__Provided data__.
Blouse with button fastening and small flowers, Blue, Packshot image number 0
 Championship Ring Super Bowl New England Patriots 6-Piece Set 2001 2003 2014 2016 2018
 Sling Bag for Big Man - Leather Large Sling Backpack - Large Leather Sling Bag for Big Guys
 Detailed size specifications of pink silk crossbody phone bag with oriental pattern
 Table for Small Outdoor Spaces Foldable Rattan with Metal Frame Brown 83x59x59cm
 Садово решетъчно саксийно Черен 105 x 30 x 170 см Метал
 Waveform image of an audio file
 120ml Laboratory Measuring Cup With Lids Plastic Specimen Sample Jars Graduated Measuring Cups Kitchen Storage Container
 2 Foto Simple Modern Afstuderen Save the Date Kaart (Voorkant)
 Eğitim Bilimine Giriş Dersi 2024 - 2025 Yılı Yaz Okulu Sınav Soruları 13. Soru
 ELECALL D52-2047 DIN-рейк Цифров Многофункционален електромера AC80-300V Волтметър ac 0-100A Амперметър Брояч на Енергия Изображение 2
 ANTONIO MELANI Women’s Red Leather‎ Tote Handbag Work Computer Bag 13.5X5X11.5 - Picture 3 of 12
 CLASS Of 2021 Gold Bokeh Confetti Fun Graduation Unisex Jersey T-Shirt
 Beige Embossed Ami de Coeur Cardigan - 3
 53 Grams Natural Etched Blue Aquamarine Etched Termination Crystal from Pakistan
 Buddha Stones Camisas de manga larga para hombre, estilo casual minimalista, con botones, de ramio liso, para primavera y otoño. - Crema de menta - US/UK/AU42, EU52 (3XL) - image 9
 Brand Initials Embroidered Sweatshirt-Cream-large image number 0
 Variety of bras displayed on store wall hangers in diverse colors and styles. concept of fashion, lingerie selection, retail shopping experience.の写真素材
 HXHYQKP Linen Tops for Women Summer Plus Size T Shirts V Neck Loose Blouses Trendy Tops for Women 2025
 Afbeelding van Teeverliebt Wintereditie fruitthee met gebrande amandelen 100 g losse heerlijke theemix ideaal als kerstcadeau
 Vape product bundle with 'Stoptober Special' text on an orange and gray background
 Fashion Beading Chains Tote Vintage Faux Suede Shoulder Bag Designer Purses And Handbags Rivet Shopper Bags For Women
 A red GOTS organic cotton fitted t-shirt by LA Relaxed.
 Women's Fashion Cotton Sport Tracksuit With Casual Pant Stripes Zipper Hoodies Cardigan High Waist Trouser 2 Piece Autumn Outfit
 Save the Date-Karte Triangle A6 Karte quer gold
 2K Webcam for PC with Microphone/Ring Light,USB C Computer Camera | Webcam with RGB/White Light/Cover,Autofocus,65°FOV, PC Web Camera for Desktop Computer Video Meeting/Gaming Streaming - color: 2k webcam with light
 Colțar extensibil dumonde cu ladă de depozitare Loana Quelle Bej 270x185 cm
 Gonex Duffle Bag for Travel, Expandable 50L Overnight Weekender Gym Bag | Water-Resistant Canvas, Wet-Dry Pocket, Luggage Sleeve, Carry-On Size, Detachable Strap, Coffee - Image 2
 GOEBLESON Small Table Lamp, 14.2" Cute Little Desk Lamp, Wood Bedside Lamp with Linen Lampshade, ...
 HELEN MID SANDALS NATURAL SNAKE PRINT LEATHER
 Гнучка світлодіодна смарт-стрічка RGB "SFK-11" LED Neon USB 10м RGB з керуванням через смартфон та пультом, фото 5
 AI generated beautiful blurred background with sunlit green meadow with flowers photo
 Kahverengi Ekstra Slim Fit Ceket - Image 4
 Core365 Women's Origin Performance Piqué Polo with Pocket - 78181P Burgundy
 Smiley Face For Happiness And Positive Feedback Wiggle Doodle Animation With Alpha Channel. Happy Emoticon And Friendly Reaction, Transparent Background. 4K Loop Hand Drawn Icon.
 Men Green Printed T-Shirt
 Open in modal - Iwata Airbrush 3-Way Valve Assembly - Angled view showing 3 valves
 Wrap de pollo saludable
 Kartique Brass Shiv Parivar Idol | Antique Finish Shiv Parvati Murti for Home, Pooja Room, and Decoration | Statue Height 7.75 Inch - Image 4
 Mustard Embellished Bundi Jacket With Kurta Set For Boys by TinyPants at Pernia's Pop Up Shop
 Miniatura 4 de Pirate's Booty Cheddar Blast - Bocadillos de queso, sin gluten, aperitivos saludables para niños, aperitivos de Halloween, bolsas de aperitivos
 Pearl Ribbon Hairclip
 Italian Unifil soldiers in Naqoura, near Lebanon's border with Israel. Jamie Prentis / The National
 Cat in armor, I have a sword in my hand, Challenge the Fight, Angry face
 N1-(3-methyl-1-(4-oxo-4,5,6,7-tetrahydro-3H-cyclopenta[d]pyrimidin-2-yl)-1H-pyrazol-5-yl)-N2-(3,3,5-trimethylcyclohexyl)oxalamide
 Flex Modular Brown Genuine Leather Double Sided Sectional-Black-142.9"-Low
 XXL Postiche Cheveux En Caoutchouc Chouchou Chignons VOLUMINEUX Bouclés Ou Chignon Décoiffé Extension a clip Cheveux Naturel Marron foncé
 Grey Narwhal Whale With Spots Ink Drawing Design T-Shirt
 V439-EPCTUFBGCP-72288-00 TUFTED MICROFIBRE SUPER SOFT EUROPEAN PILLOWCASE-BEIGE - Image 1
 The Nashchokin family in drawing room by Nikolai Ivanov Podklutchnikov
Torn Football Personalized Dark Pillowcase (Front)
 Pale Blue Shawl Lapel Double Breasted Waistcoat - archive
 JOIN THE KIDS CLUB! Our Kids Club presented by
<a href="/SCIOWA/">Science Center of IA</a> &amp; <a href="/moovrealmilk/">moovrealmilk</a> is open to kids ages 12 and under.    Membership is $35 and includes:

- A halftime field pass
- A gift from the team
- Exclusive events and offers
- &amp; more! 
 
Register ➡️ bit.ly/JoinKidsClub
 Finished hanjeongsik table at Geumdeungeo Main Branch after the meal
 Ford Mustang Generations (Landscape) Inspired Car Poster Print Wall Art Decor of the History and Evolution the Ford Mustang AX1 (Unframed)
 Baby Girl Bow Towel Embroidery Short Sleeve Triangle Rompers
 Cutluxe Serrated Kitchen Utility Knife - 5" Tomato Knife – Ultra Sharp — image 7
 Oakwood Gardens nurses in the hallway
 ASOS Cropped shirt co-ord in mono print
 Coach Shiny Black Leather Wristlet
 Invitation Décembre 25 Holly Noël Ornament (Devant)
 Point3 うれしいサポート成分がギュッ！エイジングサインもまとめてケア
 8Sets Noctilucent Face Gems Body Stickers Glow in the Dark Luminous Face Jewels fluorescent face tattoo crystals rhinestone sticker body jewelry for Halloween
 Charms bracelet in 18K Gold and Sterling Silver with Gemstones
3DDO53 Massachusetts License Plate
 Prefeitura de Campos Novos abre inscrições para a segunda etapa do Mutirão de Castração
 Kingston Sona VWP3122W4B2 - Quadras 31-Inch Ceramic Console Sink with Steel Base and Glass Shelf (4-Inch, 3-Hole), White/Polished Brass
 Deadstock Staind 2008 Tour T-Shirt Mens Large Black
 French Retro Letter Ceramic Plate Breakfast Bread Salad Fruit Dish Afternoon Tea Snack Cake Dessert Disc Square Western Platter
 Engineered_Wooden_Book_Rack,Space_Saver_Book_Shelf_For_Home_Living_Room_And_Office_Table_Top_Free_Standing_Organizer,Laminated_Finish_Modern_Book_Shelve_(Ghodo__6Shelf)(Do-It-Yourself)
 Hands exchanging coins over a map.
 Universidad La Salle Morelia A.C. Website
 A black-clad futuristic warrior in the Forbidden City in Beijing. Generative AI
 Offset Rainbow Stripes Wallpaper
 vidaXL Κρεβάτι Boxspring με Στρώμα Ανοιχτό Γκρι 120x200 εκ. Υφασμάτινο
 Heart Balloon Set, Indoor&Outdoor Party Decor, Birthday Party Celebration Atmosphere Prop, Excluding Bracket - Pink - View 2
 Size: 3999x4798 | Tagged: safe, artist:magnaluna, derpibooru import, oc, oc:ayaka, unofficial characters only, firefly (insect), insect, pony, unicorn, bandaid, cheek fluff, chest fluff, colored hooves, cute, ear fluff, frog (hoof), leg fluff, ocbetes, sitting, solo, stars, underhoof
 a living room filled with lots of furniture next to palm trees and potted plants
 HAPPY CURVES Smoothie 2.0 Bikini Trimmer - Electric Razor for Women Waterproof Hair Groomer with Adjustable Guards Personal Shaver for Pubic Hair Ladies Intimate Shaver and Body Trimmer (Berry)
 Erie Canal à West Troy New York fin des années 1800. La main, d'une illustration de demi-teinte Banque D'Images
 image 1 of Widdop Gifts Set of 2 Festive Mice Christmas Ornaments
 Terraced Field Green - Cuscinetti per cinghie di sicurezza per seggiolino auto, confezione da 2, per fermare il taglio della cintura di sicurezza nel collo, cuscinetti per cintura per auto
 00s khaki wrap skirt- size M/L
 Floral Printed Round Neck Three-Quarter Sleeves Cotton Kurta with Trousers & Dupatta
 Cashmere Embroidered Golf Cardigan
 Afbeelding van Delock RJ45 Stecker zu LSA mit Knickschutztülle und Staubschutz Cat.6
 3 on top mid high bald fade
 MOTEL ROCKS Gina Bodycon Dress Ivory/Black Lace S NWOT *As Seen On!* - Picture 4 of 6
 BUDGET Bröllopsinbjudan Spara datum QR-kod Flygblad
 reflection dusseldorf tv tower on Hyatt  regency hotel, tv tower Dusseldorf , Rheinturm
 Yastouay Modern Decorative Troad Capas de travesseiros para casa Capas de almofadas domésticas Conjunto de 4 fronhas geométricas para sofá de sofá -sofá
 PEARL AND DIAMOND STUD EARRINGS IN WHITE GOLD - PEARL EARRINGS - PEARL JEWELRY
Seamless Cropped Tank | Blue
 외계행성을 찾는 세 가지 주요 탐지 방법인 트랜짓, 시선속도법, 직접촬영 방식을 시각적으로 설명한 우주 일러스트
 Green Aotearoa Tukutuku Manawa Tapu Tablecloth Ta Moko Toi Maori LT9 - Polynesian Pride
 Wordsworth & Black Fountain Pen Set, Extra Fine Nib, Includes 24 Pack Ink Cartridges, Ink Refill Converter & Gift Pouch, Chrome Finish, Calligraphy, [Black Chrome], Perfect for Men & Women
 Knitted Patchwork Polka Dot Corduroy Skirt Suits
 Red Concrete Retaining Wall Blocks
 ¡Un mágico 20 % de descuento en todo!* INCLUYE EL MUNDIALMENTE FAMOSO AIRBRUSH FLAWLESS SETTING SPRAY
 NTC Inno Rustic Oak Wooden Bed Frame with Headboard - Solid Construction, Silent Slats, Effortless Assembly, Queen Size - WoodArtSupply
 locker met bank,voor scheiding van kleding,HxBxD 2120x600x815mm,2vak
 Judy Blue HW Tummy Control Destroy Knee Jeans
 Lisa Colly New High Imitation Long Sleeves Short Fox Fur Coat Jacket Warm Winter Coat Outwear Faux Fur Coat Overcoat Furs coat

__Instructions to follow__.
Which lines of the material above hold the string "Linen"? Pull them out.

__Output__.
 HXHYQKP Linen Tops for Women Summer Plus Size T Shirts V Neck Loose Blouses Trendy Tops for Women 2025
 GOEBLESON Small Table Lamp, 14.2" Cute Little Desk Lamp, Wood Bedside Lamp with Linen Lampshade, ...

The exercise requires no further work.